Like many ladies navigating menopause, Becca says she felt the modifications displaying up on her face earlier than she felt them wherever else. “I have a young spirit, but when I looked in the mirror, it didn’t match. The first thing I saw were these jowls and my neck,” she says. “I just wanted to feel like myself again. I didn’t want to look different, I wanted to look refreshed.”
At 57, she had hit that time in menopause the place hormone shifts had been affecting her pores and skin’s texture and tone. “I was scared to use estrogen cream because I’d previously had cancer, so I knew I wasn’t going to be able to rely on hormones. But the sagging, the drooping—I couldn’t just continue down that road.”
A Larger Plan Than Anticipated
Rebecca began exploring facial rejuvenation procedures and located Houston facial plastic surgeon Raghu Athre, MD. What she anticipated to be a easy lower-face repair changed into one thing extra customized and in the end more practical.
“Originally I was thinking I’d just do something about the jowls,” she says. “But Dr. Athre looked at my face as a whole and helped me understand what had shifted and where.” Ultimately, she underwent a deep aircraft facelift and necklift, higher eyelid surgical procedure, a lip carry and a TCA chemical peel, all beneath native anesthesia.”

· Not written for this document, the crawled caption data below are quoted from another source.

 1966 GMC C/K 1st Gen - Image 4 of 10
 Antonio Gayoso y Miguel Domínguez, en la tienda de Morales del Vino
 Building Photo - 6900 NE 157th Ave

“I had part of my kidney removed just three months before, so I didn’t want to be put under again. Being able to do it all under local made a huge difference.”
Becca underwent a deep aircraft facelift, neck carry, higher blepharoplasty, lip carry and chemical peel to revive steadiness and brightness to her face. The Turnaround Second
The restoration wasn’t straightforward. “Those first five days I thought, what have I done? But by day seven, I could see the light. By day 14, I was wearing makeup and going out with friends. People were complimenting me, but no one could tell I’d had surgery.”

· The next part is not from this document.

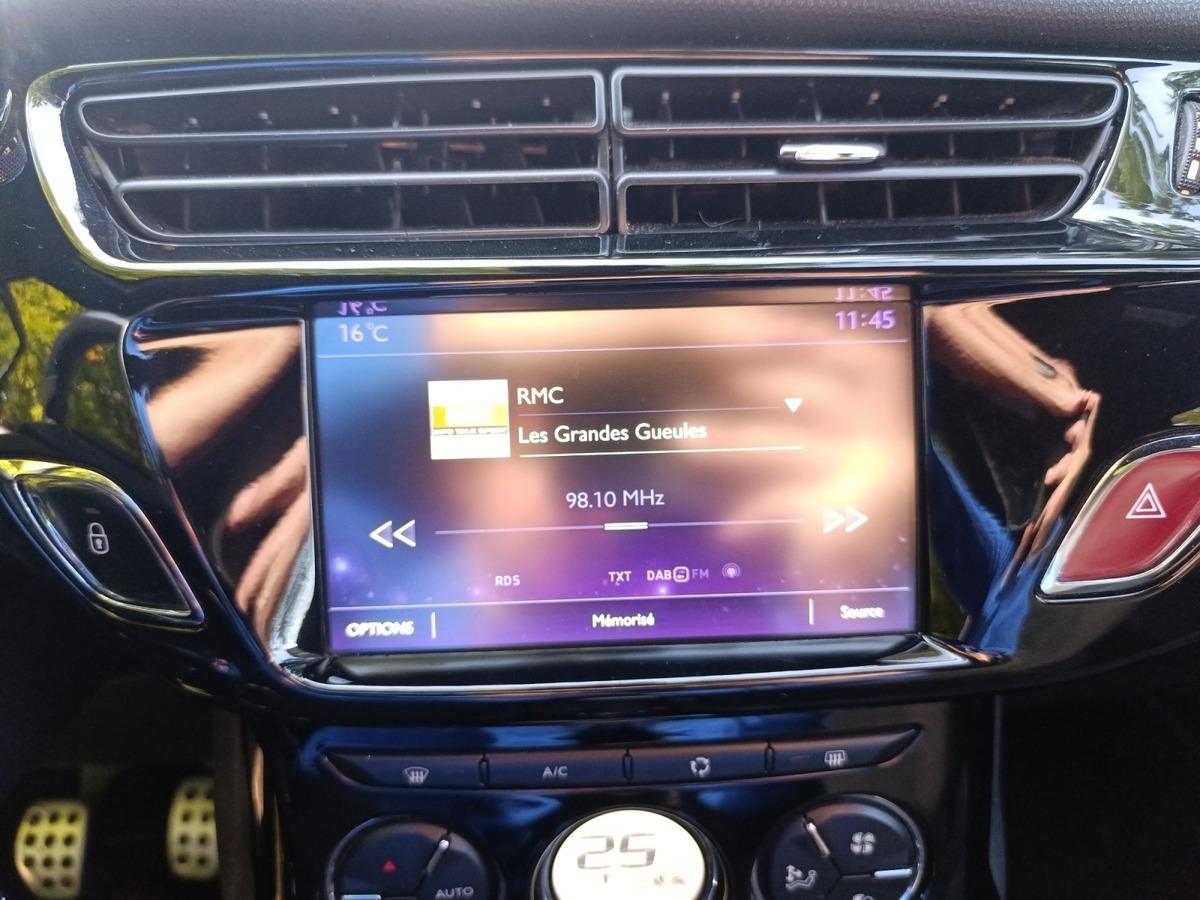 
								DS DS 3 THP 208 CV BVM6 PERFORMANCE complet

She was particularly fearful about seen scars. “I love wearing my hair up, and I thought those days were over,” she says. “But Dr. Athre placed the incisions so well, you can’t even see them. He did such an amazing job.”
One other concern was the “overdone” look she had seen on others. “We go to a lot of galas, and I didn’t want to be one of those women you look at and know she’s had work. I didn’t want to look windblown or stretched,” she says. “No one’s ever asked me if I had a facelift and that’s the best compliment.”

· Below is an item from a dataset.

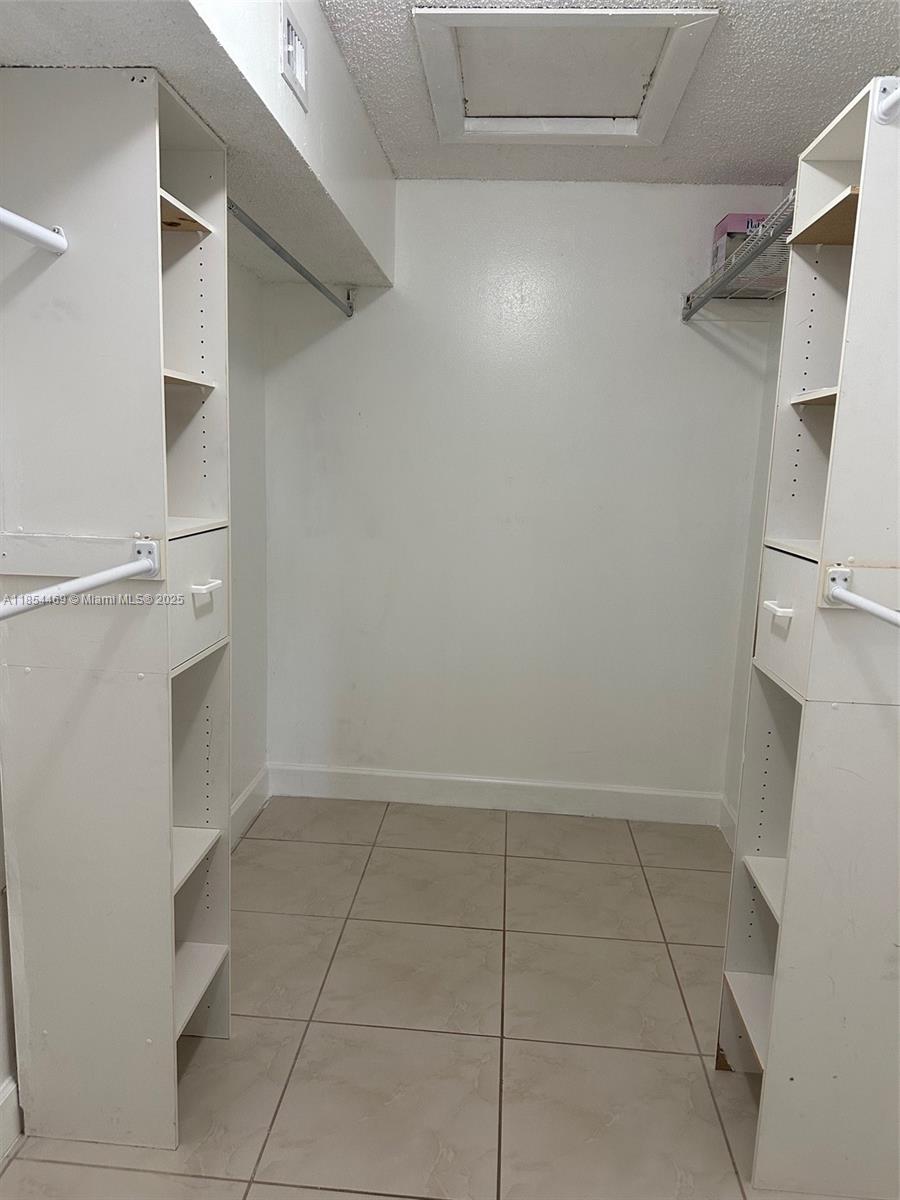 GARDENS AT PEMBROKE LAKES - Residential Lease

Even delicate enhancements made an enormous distinction. “I didn’t know this part under my nose had gotten so long with age until Dr. Athre suggested a lip lift. He also added a stitch to balance my bottom lip, which I didn’t expect, but I love. He just knew what would help everything come together.”
Her facet profile reveals lifted jowls, an outlined jawline and smoother pores and skin. Small Tweaks, Large Influence
Dr. Athre says Rebecca’s outcomes are the product of trying on the face holistically. “A lot of patients come in asking about one area, like their neck or jowls, but it’s about how those areas interact,” he explains. “We didn’t just treat a single zone. We made a series of small, strategic refinements that worked together.”
He says the deep aircraft approach made a distinction within the midface and jawline, whereas the peel addressed pores and skin thinning frequent in menopause. “When estrogen drops, the skin loses volume and texture. Rebecca’s skin had started to thin, and the peel helped restore its plumpness and tone.”
That strategy, seeing ageing not as one drawback however a group of modifications—is why he usually avoids the phrase facelift. “People think it means pulling everything up and back, but it’s more nuanced than that. It’s facial rejuvenation.”
Feeling Seen Once more
For Rebecca, the largest shift wasn’t simply bodily—it was emotional. “I went through a period where I felt invisible. And I’m not trying to brag, but when I was younger, I got noticed. That had stopped. Now? People notice me again. I feel cute again. I’m dressing up again. I’m not falling into the cracks.”
She encourages others to not wait too lengthy. “I tell people, do it younger so you can enjoy it longer. I wasn’t trying to turn back the clock. I just wanted to feel like myself again. And now, I do.”